» **DATA EXCERPTS**
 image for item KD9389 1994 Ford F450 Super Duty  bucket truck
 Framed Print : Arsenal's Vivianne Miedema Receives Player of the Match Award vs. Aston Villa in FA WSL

--

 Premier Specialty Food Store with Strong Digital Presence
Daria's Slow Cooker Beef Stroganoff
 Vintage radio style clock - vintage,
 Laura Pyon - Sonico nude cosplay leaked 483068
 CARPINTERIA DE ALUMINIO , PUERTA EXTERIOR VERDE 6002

» **WORK REQUEST**
Look above for the line containing "image for item" and the line containing "Framed Print : Arsenal's". Transcribe both, with the lines between them, exactly.

» **EXERCISE RESPONSE**
 image for item KD9389 1994 Ford F450 Super Duty  bucket truck
 Framed Print : Arsenal's Vivianne Miedema Receives Player of the Match Award vs. Aston Villa in FA WSL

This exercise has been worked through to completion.